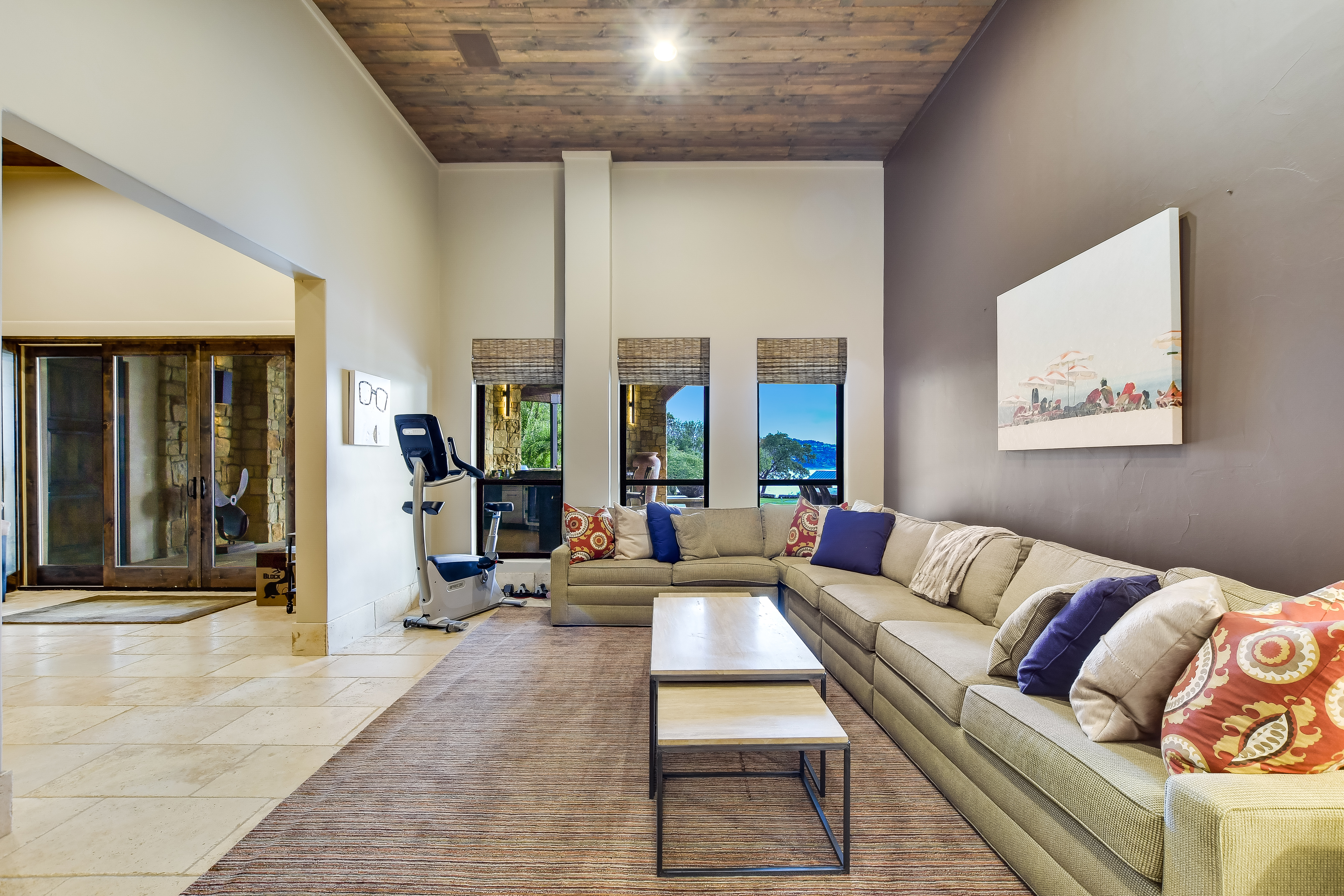 Above Austin Sunset Point on Lake Travis | Photo 64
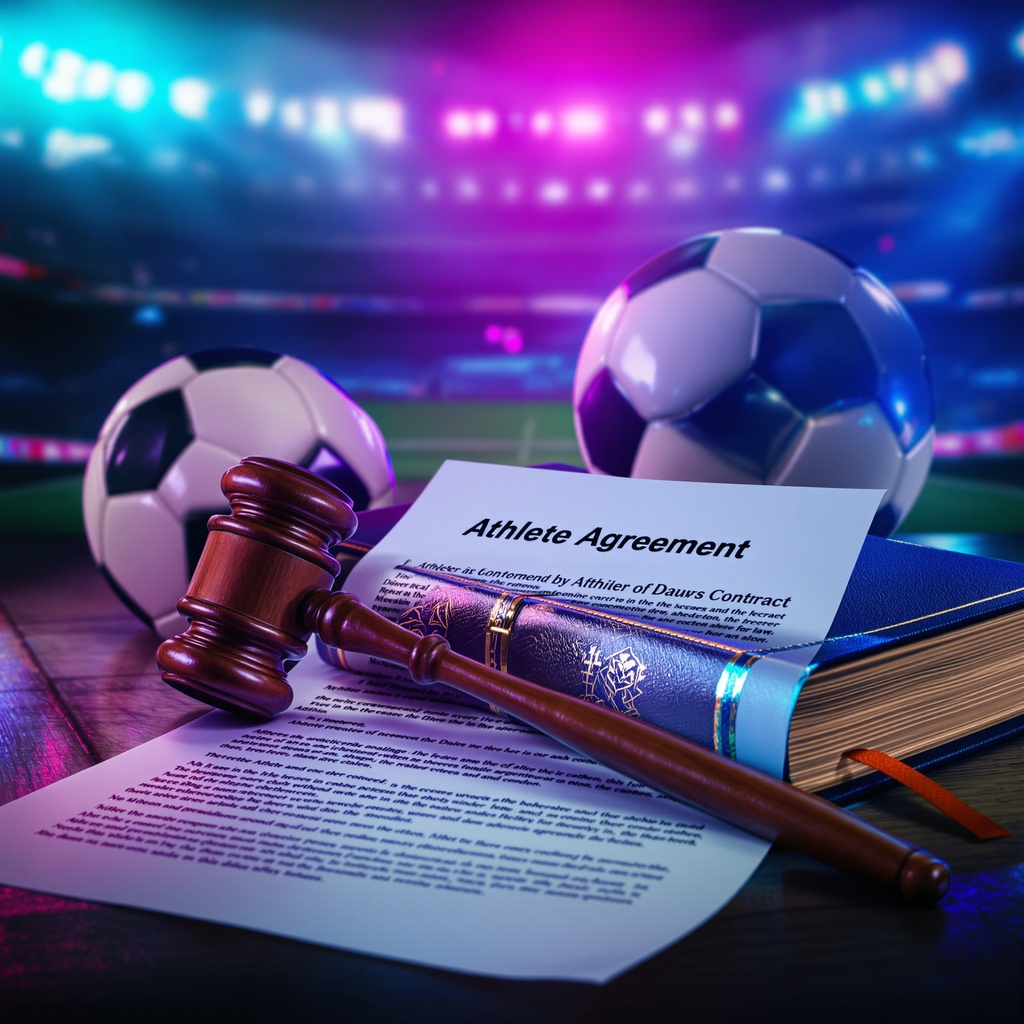 Спортивное право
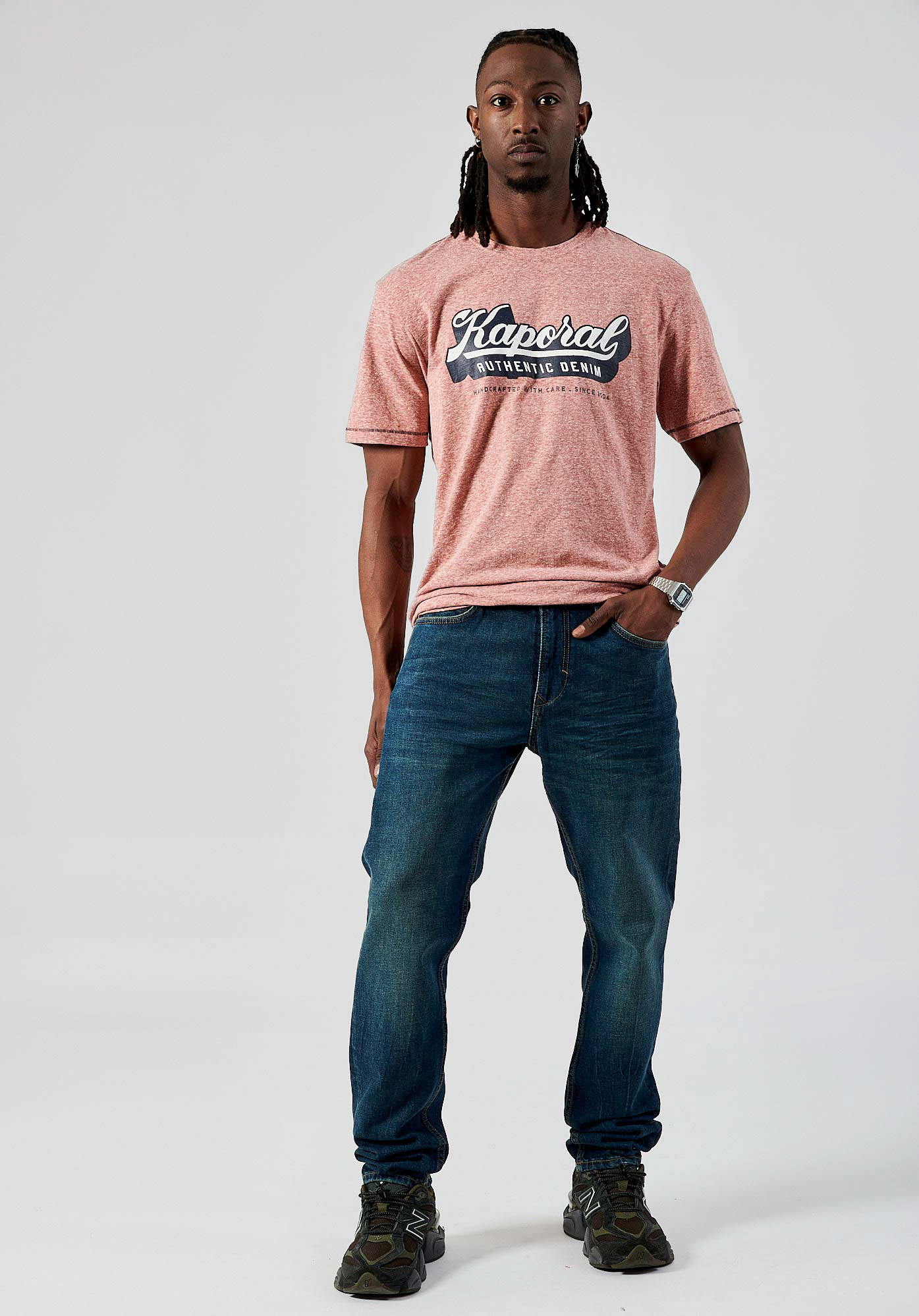 DARKO  Jean slim Homme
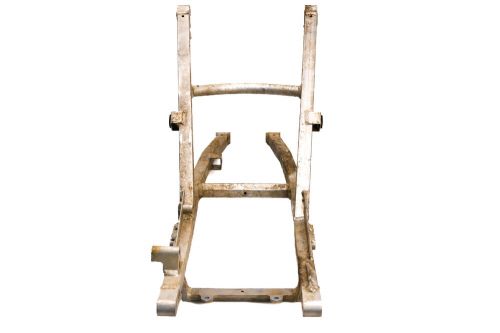 84 Kawasaki KL600A Subframe, US $159.99, image 2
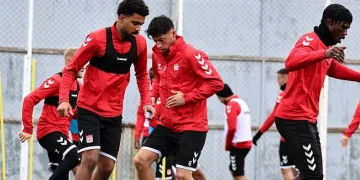 Sivasspor’da Hatayspor mesaisi sürüyor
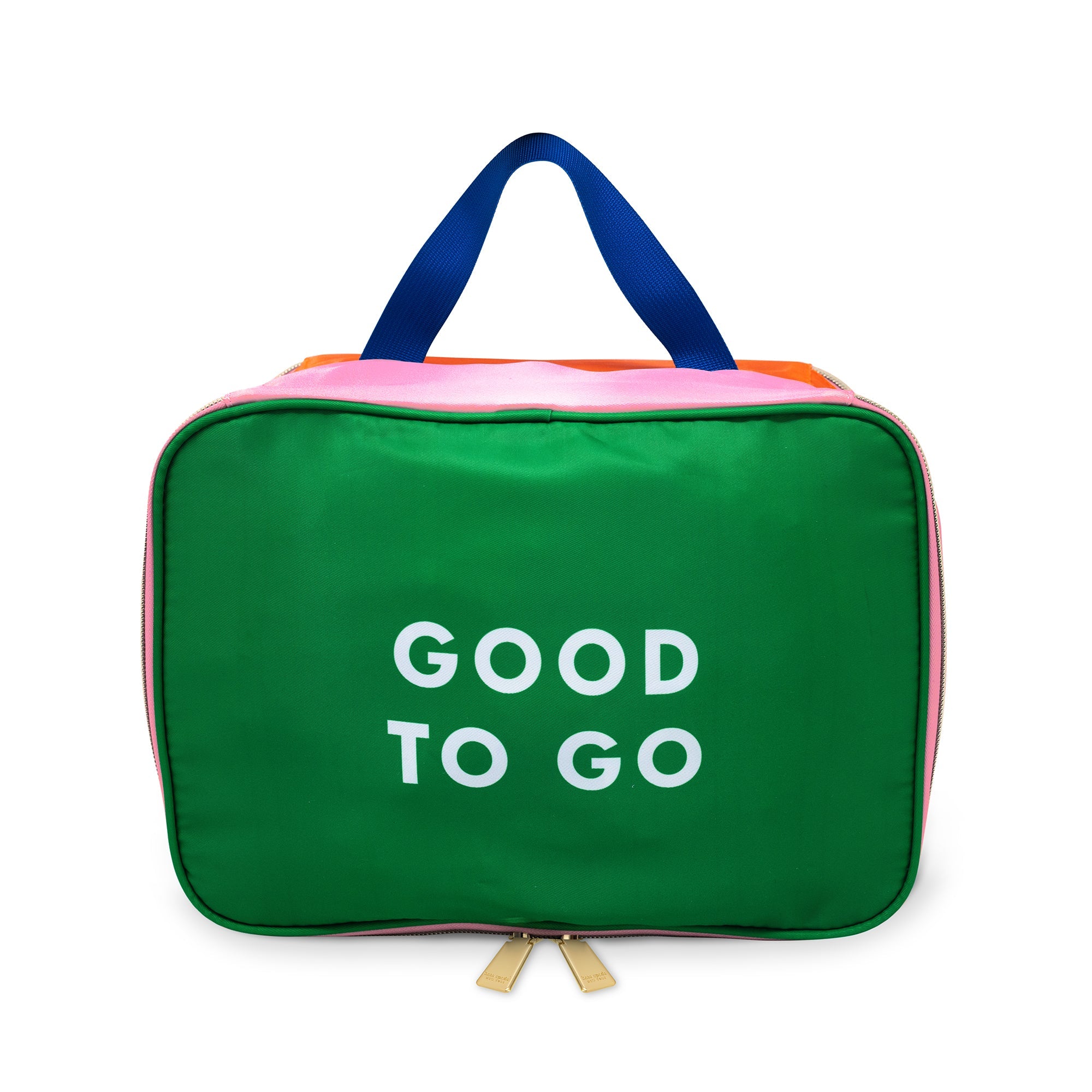 Travel Bag, Good to Go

• **Activity**
Word for word, repeat only the lines from the line containing "Sivasspor’da Hatayspor mesaisi sürüyor" through the end of the data, without any pictures.

• **Answer section**
 Sivasspor’da Hatayspor mesaisi sürüyor
 Travel Bag, Good to Go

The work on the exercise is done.